▶ _Your instructions_
Nothing but the lines holding the string "White" should appear in the answer. Copy them from the entries.

Items from a dataset
= = =
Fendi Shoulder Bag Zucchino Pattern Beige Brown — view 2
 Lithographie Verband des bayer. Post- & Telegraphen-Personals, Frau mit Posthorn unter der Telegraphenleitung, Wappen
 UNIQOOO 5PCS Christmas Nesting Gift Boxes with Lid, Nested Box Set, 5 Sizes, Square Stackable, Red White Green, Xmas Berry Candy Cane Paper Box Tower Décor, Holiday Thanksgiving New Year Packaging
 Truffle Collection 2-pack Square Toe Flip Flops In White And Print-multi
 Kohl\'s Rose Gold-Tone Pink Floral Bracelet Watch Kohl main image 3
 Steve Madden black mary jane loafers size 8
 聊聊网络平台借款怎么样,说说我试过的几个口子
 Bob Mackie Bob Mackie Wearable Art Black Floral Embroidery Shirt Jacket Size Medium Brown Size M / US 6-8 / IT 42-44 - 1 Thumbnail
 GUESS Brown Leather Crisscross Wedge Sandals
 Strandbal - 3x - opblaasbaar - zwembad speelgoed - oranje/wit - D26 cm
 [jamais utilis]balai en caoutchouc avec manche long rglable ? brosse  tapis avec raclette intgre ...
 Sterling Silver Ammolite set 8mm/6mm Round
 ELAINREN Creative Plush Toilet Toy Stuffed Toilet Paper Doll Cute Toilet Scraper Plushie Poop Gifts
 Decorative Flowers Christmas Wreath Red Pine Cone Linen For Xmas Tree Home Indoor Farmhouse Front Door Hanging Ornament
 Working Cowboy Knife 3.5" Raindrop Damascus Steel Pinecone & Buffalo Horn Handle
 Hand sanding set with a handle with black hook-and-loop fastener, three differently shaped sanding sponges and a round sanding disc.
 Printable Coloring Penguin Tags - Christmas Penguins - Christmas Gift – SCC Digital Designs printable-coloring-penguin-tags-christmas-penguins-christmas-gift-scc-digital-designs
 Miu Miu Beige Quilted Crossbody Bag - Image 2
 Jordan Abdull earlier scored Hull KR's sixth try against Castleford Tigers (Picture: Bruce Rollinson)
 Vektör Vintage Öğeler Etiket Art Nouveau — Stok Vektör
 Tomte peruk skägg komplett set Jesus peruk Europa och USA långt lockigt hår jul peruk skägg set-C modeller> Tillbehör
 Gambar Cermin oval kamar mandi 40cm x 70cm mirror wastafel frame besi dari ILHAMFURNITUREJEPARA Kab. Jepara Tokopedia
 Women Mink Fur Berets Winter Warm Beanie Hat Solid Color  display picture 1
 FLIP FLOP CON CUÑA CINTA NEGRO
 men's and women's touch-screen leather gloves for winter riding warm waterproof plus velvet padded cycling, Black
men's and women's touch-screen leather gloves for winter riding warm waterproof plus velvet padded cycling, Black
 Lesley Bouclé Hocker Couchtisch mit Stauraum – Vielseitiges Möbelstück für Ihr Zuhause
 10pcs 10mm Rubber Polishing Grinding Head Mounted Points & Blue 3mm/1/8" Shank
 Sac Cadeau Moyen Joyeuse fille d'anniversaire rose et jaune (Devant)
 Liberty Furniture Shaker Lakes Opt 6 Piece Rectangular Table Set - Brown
= = =
▶ _Result_
 UNIQOOO 5PCS Christmas Nesting Gift Boxes with Lid, Nested Box Set, 5 Sizes, Square Stackable, Red White Green, Xmas Berry Candy Cane Paper Box Tower Décor, Holiday Thanksgiving New Year Packaging
 Truffle Collection 2-pack Square Toe Flip Flops In White And Print-multi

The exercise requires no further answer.